An exact restatement of the entire listing is needed, excluding all images.
#### Task data
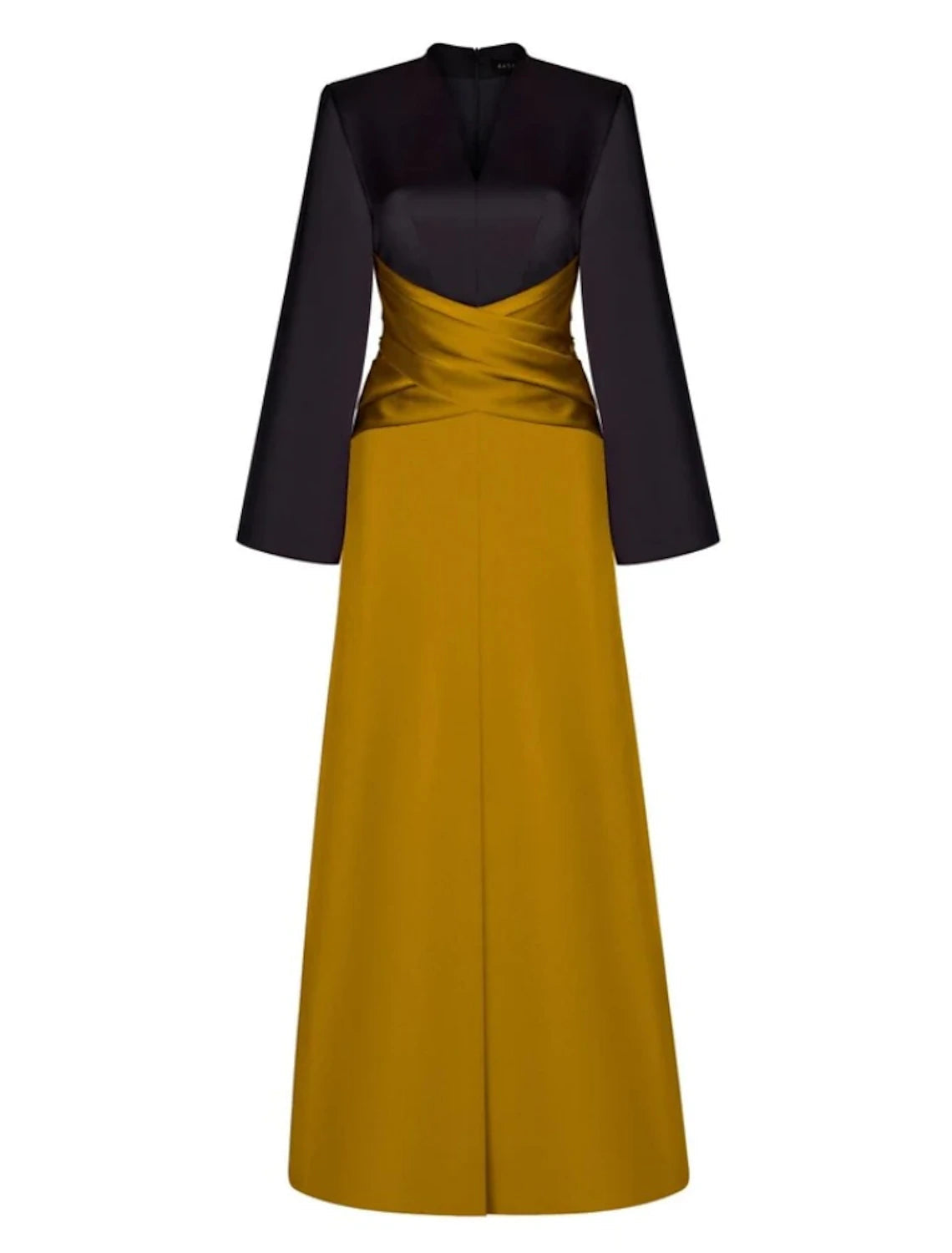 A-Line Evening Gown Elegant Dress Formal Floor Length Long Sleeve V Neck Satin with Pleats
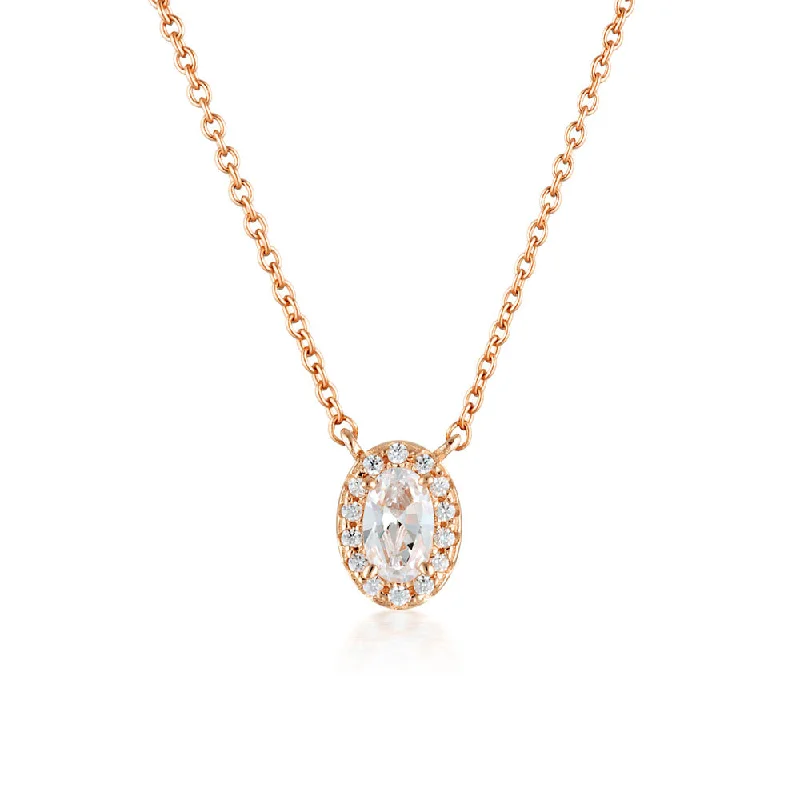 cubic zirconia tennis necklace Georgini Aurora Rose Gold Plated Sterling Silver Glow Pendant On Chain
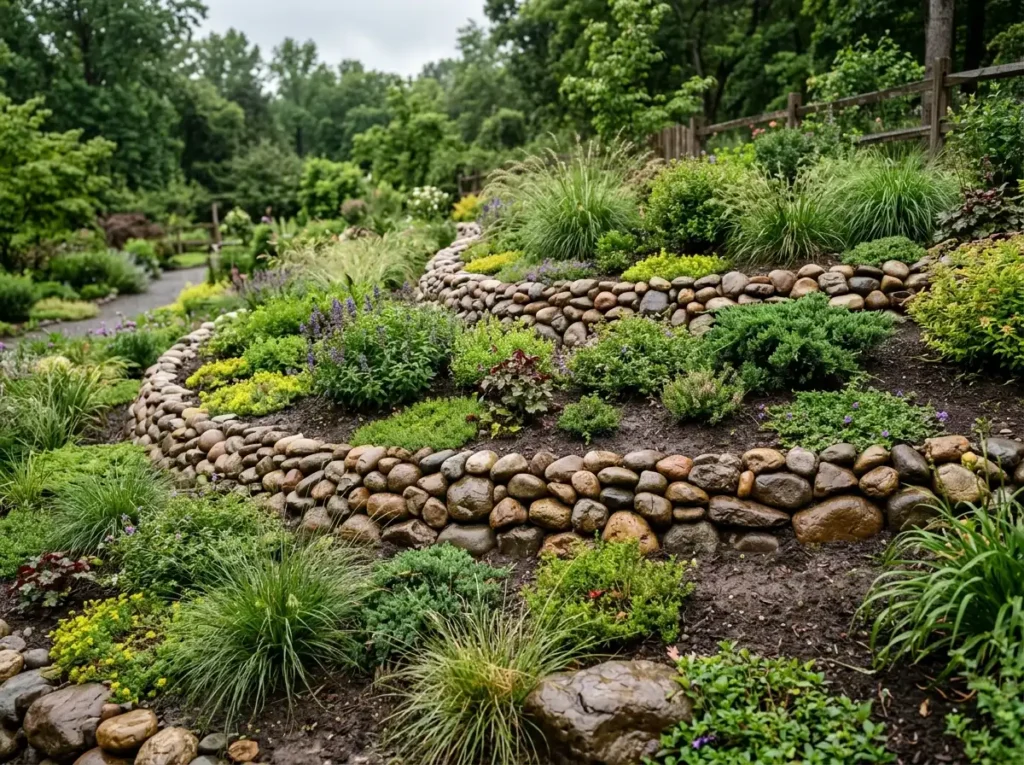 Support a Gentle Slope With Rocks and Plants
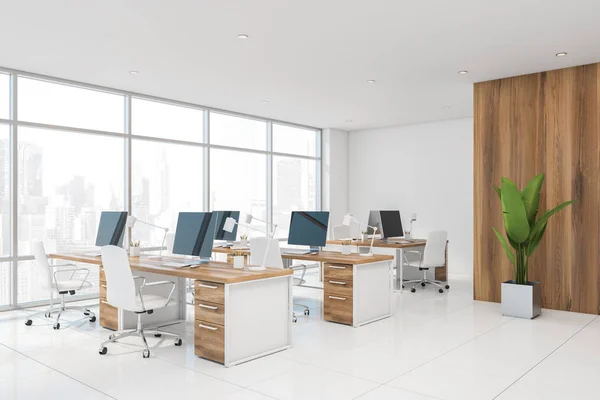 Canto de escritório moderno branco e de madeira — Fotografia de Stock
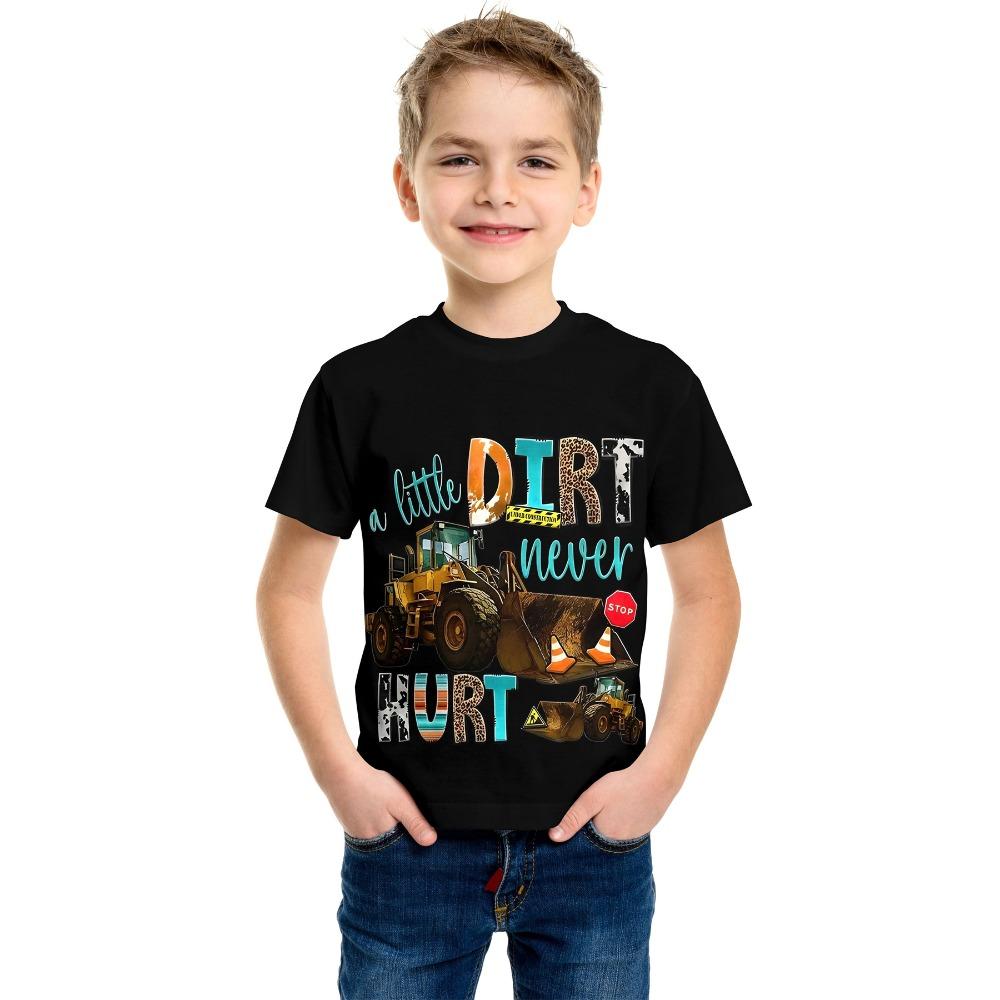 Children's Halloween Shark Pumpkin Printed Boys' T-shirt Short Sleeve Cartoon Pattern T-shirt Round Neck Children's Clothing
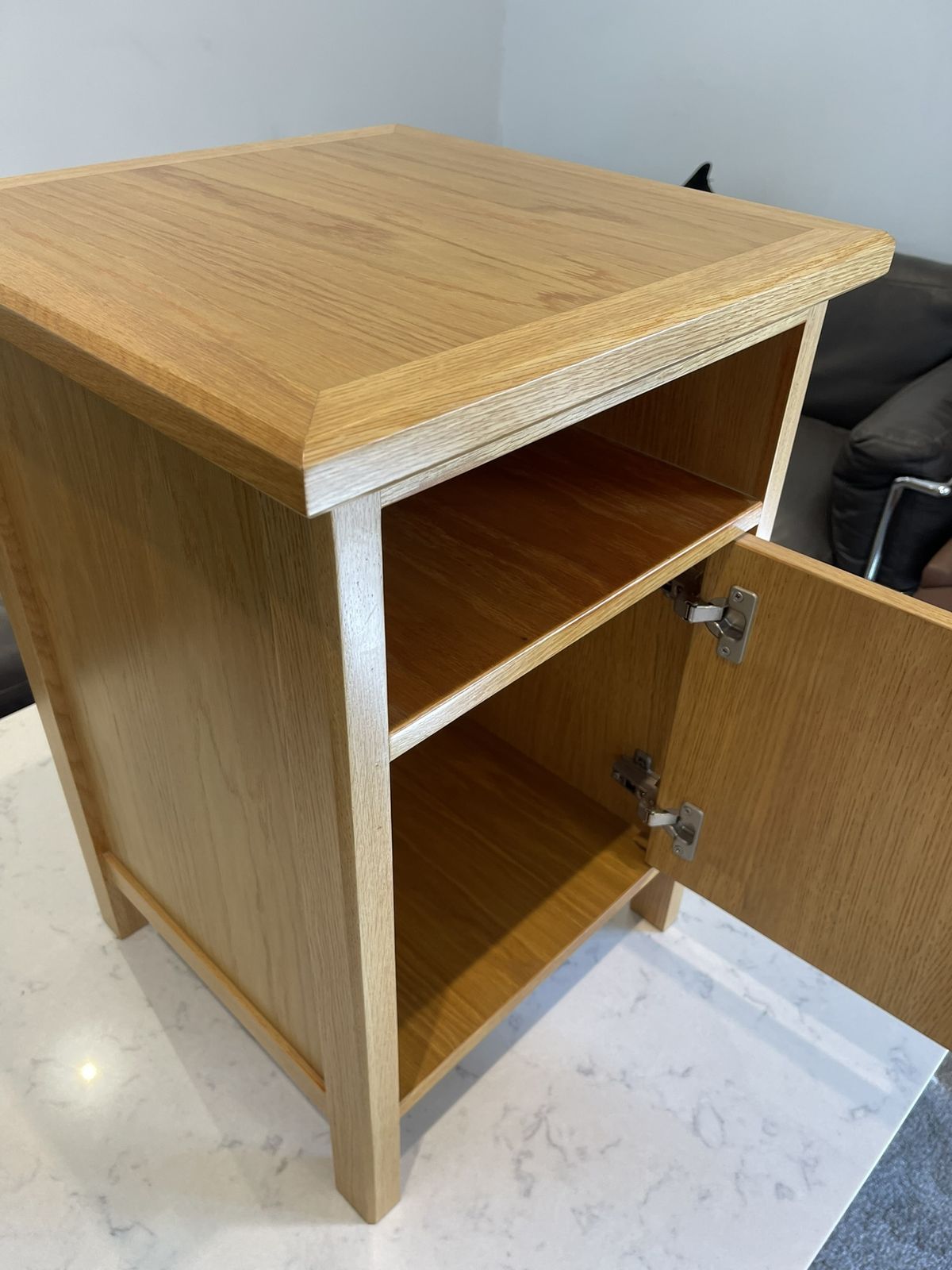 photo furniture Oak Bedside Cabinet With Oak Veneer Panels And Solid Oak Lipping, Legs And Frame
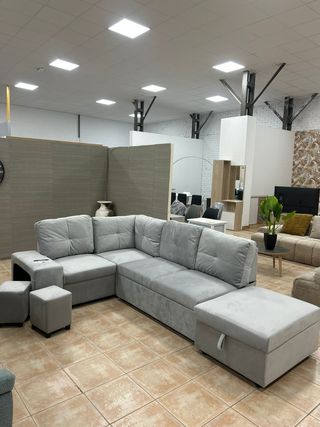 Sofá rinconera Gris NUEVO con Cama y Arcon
########
Your solution:
 A-Line Evening Gown Elegant Dress Formal Floor Length Long Sleeve V Neck Satin with Pleats
 cubic zirconia tennis necklace Georgini Aurora Rose Gold Plated Sterling Silver Glow Pendant On Chain
 Support a Gentle Slope With Rocks and Plants
 Canto de escritório moderno branco e de madeira — Fotografia de Stock
 Children's Halloween Shark Pumpkin Printed Boys' T-shirt Short Sleeve Cartoon Pattern T-shirt Round Neck Children's Clothing
 photo furniture Oak Bedside Cabinet With Oak Veneer Panels And Solid Oak Lipping, Legs And Frame
 Sofá rinconera Gris NUEVO con Cama y Arcon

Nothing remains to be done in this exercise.